「今週の一言(いちげん)」第166話お金に”おおらか”な会社の行く末
「な~んで、あんなにおおらかなのかしら、庶民には考えられない金額でしょう。給与が10億で、そのほかに積立金額が10億。ウチらが払う税金なんて無くても、あの人から取ればいいって話しでしょう。」
11月19日夕刻、突然の報道「ゴーン・ショック」から1週間が経ちました。
驚いた。残念だ。だけど…、犯罪の核心は何なんだろう…?
N社の大きな工場がある町の会社に伺いました。
仕事を終え、交通機関へ送ってもらう道すがら、車の中で自然に例の話題です。
「凄い金額ですよね~。一人の給与なのに、ウチの売上なんか比べものにならない。」
「いえ、お客様にもN社に勤務する方がいらっしゃるので、あまり批判めいたことは言えないし、大変ですね~。ご心配でしょう。くらいしか言えないんですけど。

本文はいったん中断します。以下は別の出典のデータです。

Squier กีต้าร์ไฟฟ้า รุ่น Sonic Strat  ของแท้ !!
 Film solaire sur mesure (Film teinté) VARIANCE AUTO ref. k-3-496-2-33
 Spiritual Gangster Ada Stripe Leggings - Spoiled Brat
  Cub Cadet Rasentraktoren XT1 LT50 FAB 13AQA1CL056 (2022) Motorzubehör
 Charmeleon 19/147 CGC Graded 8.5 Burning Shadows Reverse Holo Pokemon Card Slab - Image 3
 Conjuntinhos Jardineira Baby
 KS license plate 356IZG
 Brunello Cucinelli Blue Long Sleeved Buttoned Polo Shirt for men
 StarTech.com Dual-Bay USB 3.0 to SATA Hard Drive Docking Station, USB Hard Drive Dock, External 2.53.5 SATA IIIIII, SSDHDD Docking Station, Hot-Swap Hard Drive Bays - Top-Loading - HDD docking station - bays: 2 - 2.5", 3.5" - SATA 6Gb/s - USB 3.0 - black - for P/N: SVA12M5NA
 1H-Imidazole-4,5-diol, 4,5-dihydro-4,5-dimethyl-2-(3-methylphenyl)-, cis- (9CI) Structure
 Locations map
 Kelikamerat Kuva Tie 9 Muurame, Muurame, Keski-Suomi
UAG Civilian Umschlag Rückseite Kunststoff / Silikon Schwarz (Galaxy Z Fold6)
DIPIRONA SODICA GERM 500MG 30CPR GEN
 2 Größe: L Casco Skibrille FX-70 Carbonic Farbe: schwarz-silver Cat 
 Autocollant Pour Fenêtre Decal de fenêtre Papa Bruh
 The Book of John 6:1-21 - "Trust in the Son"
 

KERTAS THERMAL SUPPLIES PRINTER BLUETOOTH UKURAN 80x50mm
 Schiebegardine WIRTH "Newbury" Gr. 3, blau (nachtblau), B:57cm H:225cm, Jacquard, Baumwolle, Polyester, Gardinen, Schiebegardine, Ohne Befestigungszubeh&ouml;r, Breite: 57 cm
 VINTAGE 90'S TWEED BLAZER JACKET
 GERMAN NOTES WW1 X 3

ただね、みなさん心配してもなるようにしかならないって、そんな感じ」
晩秋の夕闇の幹線道路。
点灯しているライトは車のヘッドライトだけ。
帰宅する車の流れは、まるで高速道路走行中のようなスピードを感じる。
グローバル企業は、”おおらか”ですか?
車中で思い出したのは、過去の米国から進出してきた企業の経理を見ていたときの事だ。
日本支社長は、しばらくの間進出に関わるコンサルタントが務め、その後採用された。
しかし、経理は、ず~と、外部の会計事務所、つまり私が担当していた。
経理のルールはとにかくスピード。
一月ごとの試算表は、4営業日以内に直接米国財務副社長宛に報告していた。
加えて四半期ごとの決算報告、これも4営業日以内に送付だ。
日本の会計ソフトで一端試算表を作成して、それを英訳して資料を造る。
米国本社があった米国U州の都市とは、14時間の時間差があった。
が、14時間をゆとりだと考えると、夜中に仕事をすることになる。
こっちは、キチンとやったつもりでも、時に「やり直し」命令がやってくる。
「やり直し」の原因は2つ。
1つは、「為替レート」
もう一つは、「税制」
日本円をドル建てにすると、今月の発生は今日のレートでOKだけれど、累計額は違う。
そうだね。累計は前月までの数字に、今月の発生を足し算します。
でも、それでは日本の試算表と評価差額が出てくる。
今日と昨日でレートが違うから、致し方ないじゃない。
まして、先月と今月はレートが違うのは当たり前じゃない!
さらに、税金の計算を加えると、日本の試算表とはかけ離れた資料を延々つくります。
夜中にこのやり直しを命ぜられた時は…泣きました。
やっと、調整してデータを送るときは、
“Thank you for your help.” (あなたに感謝します)
と書きますが、何でそこまでと悔しい気持ちでいっぱい。
「したくない仕事だ!」と思ってました。
しかし、あるところから、何故こんなにシビアに数字を追求するか、わかりました。
本当の危うさは、数字を要求しない事
なぜ、米国本社財務副社長が強固に変更を要求するか?
その理由が分かったからです。
その試算表1つで、副社長自身の報酬も支社長の報酬も業績に連動されるからです。
“おおらか”にしていられるのは、年功序列で給与が保障されている会社だからです。
あの会社にいたら大丈夫、あの社長に任せておけば大丈夫、ってどっちが社長?
そんな人任せの「依存社員」を養っていたら、、、御社も、、、?
PS.
「な~んで、あんなにおおらかなのかしら…」って、時々私も言われることがあって、こりゃまずい~!